TypeError: update_with_detections() got an unexpected keyword argument

You are on an older version of supervision that used a different API. Versions before 0.18 used tracker.update_with_tensors() with raw numpy arrays. Upgrade to get the current API:

1
pip install --upgrade supervision

Tracker IDs keep resetting to 1

You are creating a new ByteTrack() instance inside your frame callback. The tracker maintains state between frames, so it must be instantiated once and reused. Create it outside the callback function.

Objects get different IDs after brief occlusion

Increase lost_track_buffer. The default of 30 frames is only 1 second at 30fps. If objects disappear behind obstacles for longer, bump this up:

1
tracker = sv.ByteTrack(lost_track_buffer=90)  # 3 seconds at 30fps

VideoSink or process_video produces 0-byte output

This usually means OpenCV cannot find the right video codec.

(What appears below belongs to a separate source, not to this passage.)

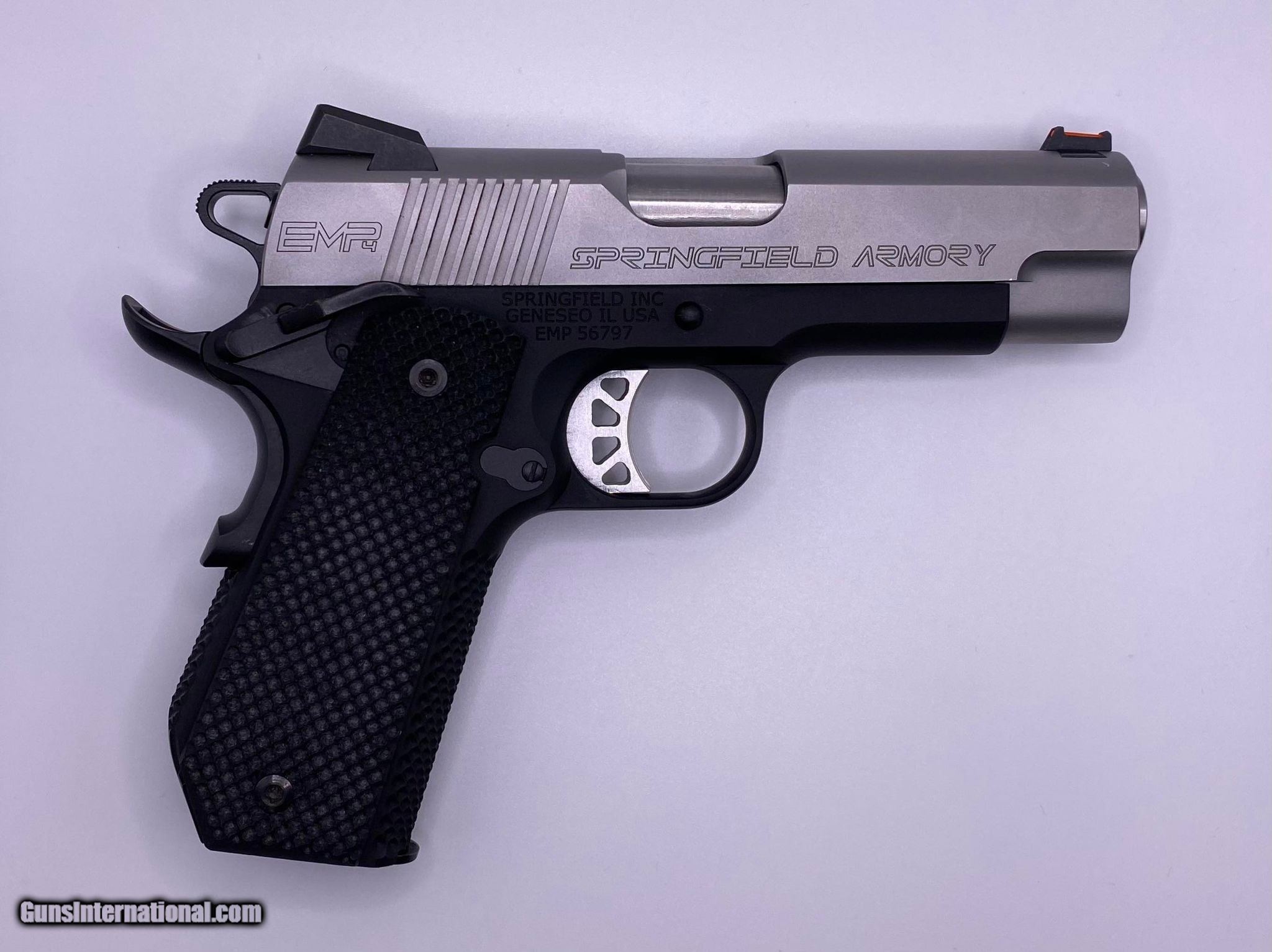 SPRINGFIELD ARMORY 1911 EMP4 CONCEALED CARRY CONTOUR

Install the system codec libraries:

1
2
3
4
5
# Ubuntu/Debian
sudo apt install libx264-dev ffmpeg

# Then reinstall opencv
pip install --force-reinstall opencv-python-headless

YOLO inference is slow (< 5 FPS on GPU)

Make sure YOLO is actually using the GPU. Check with:

1
2
3
4
from ultralytics import YOLO
model = YOLO("yolov8n.pt")
results = model("test.jpg")
print(results[0].speed)  # Shows preprocessing, inference, postprocessing times in ms

If inference time is over 100ms, PyTorch is likely using CPU. Reinstall with CUDA support. Also consider using yolov8n instead of larger models – the nano model runs at 80+ FPS on most GPUs and the tracking quality difference is smaller than you might expect.

When to Use ByteTrack vs. Alternatives

ByteTrack is the go-to for most video tracking tasks. It is fast, accurate, and does not need a separate re-identification model. Use it as your default.

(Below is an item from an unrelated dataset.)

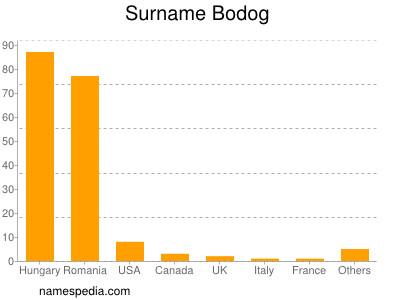 Surname Bodog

DeepSORT adds an appearance embedding network for re-identification. This helps when objects look different from each other (tracking specific people in a crowd). But it is slower and the extra model adds complexity.

BoT-SORT extends ByteTrack with camera motion compensation and a re-identification module. Better for moving cameras (dashcams, drones) but heavier.

For a fixed-position camera tracking vehicles or pedestrians, ByteTrack is the right choice. It gives you the best speed-accuracy tradeoff without needing extra models or GPU memory for feature extraction.